January 11, 2010
Posted: 1152 GMT
The tragic events of Friday, which saw at least two people killed and seven of the Togo national soccer party injured from a machine-gun attack en route to the Africa Cup of Nations, has shocked the world of football.
Angola is a nation that has suffered its fair share of grief in recent times - the southern African state only emerged from a bloody three-decade long civil war when a peace deal was signed with Cabinda separatists in 2002 - and the hosting of the Nations Cup was symbolic of a united nation looking to the future; the fact that two of those traveling to celebrate this fact lost their lives is both sad and regrettable.
It is a shame too, because in a year when the spotlight is shining on African football like never before, the event has reaffirmed anxieties held by many that a continent often associated with tragedy in recent times will be unable to safely host a World Cup.
The knee-jerk reaction is understandable - it is all too easy to associate loss of life with "soccer safety" in Africa. In 1993, 18 of the Zambian national side were killed in a plane crash as they flew to play Senegal in a World Cup qualifying fixture. Tragedy struck again in 2007 when a helicopter carrying 20 of the Togo delegation, including sport minster Richard Attipoe, crashed traveling back from a Nations Cup qualifier against Sierra Leone, killing all on board.
Poor crowd control has also proved catastrophic. In 2001, 126 spectators of a league derby game died at the Accra Sports Stadium in Ghana, a disaster that was followed in the same year by 43 lives being lost at Johannesburg's Ellis Park Stadium, where overcrowding led to a stampede between fans of arch-rival sides Kaizer Chiefs and Orlando Pirates. Even as recently as 2009, 22 people died in a crush at the Houphouet-Boigny arena in the Ivory Coast, as Didier Drogba's men beat Malawi 5-0 in a World Cup qualifier.
However, despite the recent shooting in Cabinda adding to this lamentable list of calamities, calls by critics that the Nations Cup should be called off and furthermore that the World Cup now faces a greater security threat are misguided.
There have been many sporting events prior to the 2010 Nations Cup that have been blighted by adversity but not one has been aborted as a result.

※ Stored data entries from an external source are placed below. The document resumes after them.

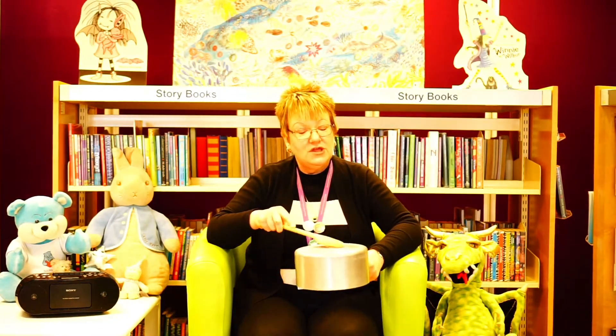Anansi plays with two drums, then he plays with three — two, three. And Anansi plays with three drums — one, two, three. And Anansi plays with three drums — one, two, three.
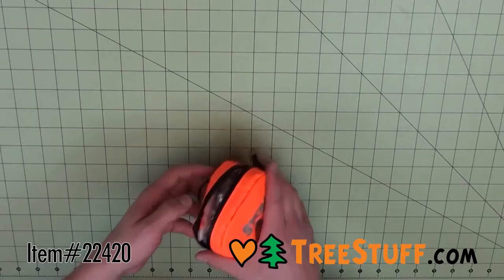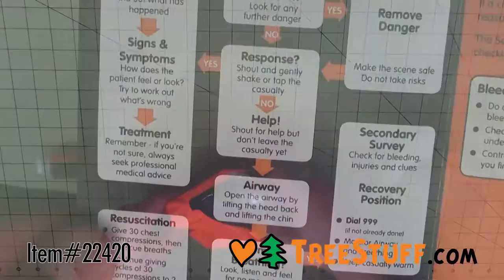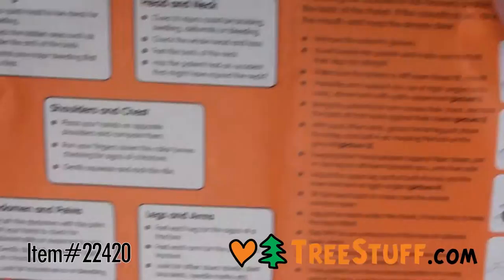The Durable Stein First Aid Pouch is made from the same laminated material as the Evolution Jackets, making it weather resistant. Fitted with a sealed zipper, a Velcro belt loop with securing press stub, and a D-ring, this pouch has been specially designed to mount onto any climbing harness.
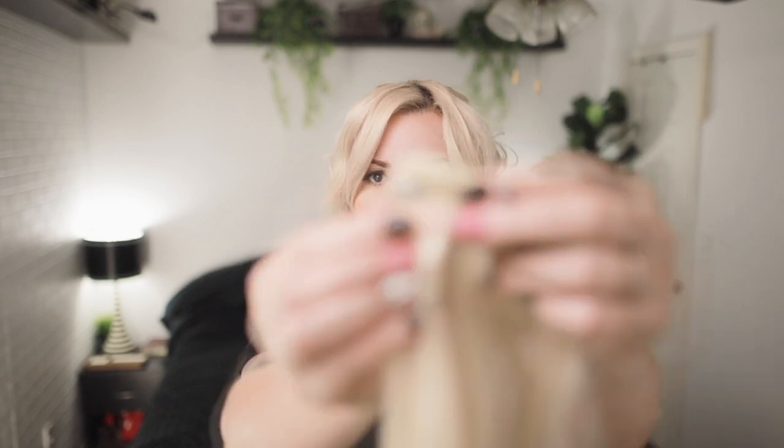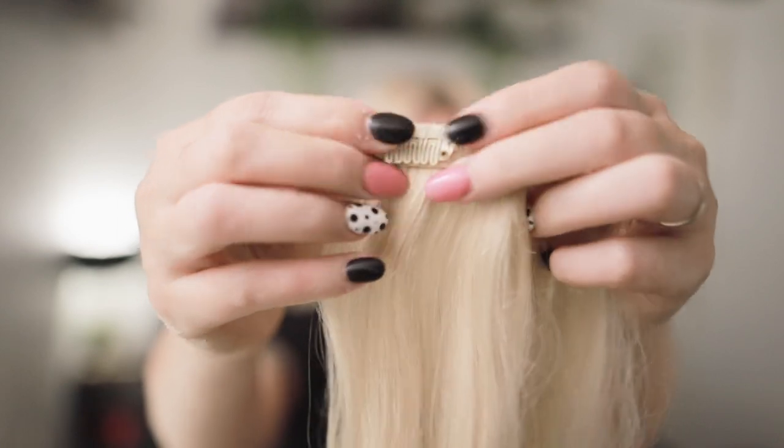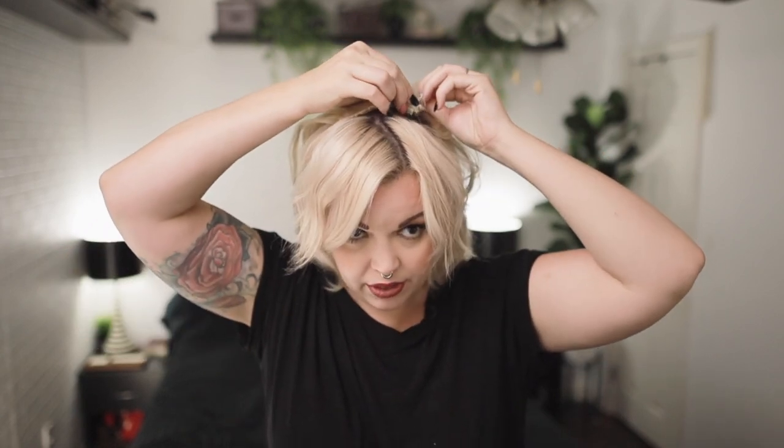I'm going to show you how to do a single top knot right here in the center. I'm going to start by parting a little line right here behind my bangs. If you've never used clip-ins before, they have these clips — they open and then they snap shut. You slide this in and then snap it shut and it's very secure; you could tug on it and it won't come out. So I'm just going to take these, slide them in, and snap them closed.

Two people were killed in 1996 when a bomb exploded in Atlanta for example, but the American city went on to host the Olympic Games dubbed "The Celebration of the Century" in some style. Before this, nine Israeli athletes were kidnapped from the Olympic Village in Munich, Germany and subsequently killed by a terrorist group but the tournament of 1972 was not derailed.
More recently, in the 2007 Asian Cup, a suicide bomber killed around 50 fans in Baghdad who were celebrating Iraq's national soccer team's progress to the final. After much soul-searching the team decided to carry on, a choice that led to a 1-0 victory over Saudi Arabia and the capture of the title.
These events were not important because of their display of machismo or do-or-die bravery, but because the ethos and vision of the occasion did not succumb to the will of those who wanted to disrupt it with devastation.
The Angolan government have said they will reinforce security plans and the Confederation of African Football (CAF) are adamant the show must continue. Is it fair to ask the Nations Cup, an event that has reportedly seen $1 billion of resources poured into infrastructure construction in Angola, to be called off in a way previous tournaments have not?
If reports are to be believed, the Togo side themselves, led by captain Emmanuel Adebayor, wanted to continue to play before being flown out by their government.
As far as the World Cup is concerned, Danny Jordaan, the Chief Executive Officer for the 2010 World Cup Local Organizing Committee, has been defiant in his statements since the attack:
"I think the world understands that every country has its own military, police, intelligence resources and takes full responsibility for security within its own boundaries because they are separate and sovereign states," he said.
"We have just seen the attempted terror attacks on the United States. Unfortunately, it's a reality all over the world. Britain has its fair share of terror attacks, so does Spain and many countries. Clearly it's a global issue and we must understand it in that way. Of course, we cannot allow terrorists to win."
In other words, linking the attack in Angola to South Africa's security capability would be like canceling the 2006 World Cup in Germany because of the Madrid bombings in Spain. The two areas and events are clearly very different prospects. The "Rainbow Nation" has the same challenge facing it as any host of world football's biggest carnival, but with the resources of FIFA and the South African government fully behind the event, there is nothing to suggest those involved will be at any more risk than at the 2006 edition in Germany.
A belief that has prompted FIFA president Sepp Blatter to state to CAF president Issa Hayatou: "I have confidence in Africa and on the strength of this confidence we will together organize the flagship competition of world football in 2010."
Both CAF and FIFA have good reason to talk up the strength of their resolve and the need for confidence to remain in both tournaments, but agenda issues aside, is it ever right for the will of the terrorist disruptor to prevail at sporting events?